Advanced experimental parameter handling

Problem: The parameters affecting your experiment come from a range of sources, some only found at set-up time (or later).

Solution: Ideally everything you need to know to run an experiment is know when the experiment is first configured, either directly or from a Lab. Sometimes this isn’t the case, though: it may be that, in setting up an experiment, you want to record additional material about the experiment. You can do this in three ways:

  1. by adding to the metadata of the experiment;
  2. by adding to the experimental parameters; or
  3. by returning it as part of the experimental results.

Which to choose? You can simply choose which makes most sense. These three different set of values are intended to represent different sorts of things: monitoring information, configuration information, and computed information respectively. Generally speaking we expect experiments to yield results (only). Sometimes it’s also worth adding (for example) timing information to the metadata.

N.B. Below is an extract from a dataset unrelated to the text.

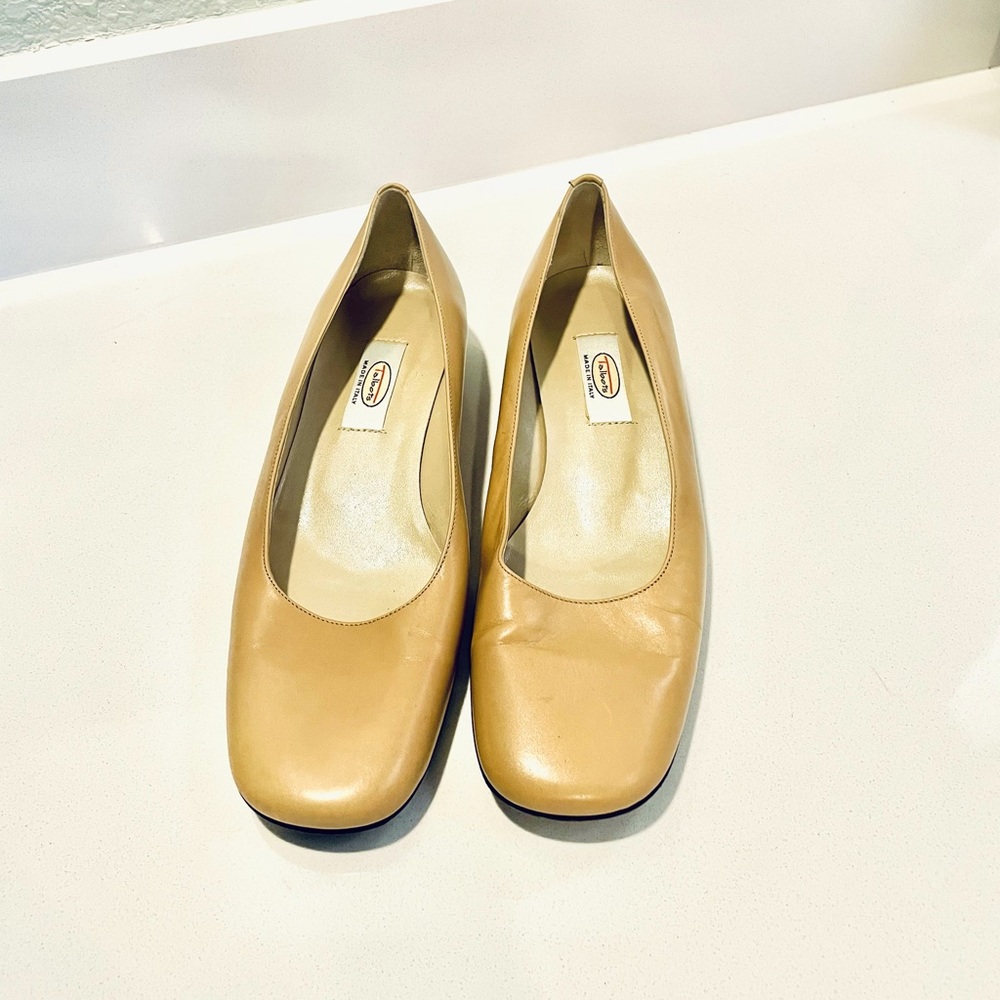 Talbots Leather Risa Ballet Flats with Rounded Toe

Occasionally one might also want to extend the set of experimental parameters – because, for example, in the process of setting-up the experiment according to the parameters given, additional information comes about that’s also pertinent to how the experiment was run. In that case it’s entirely legitimate to add to the experimental parameters. You can do this simply by writing to the parameters passed to Experiment.setUp():

def setUp(self, params):
   super().setUp(params)

   # do our setup
   ...

   # update the parameters
   params['variance'] = var

This change to the dict of experimental parameters will be stored with the rest of the parameters of the experiment.

It’s probably only sensible to add parameters in this way, not to delete or change them.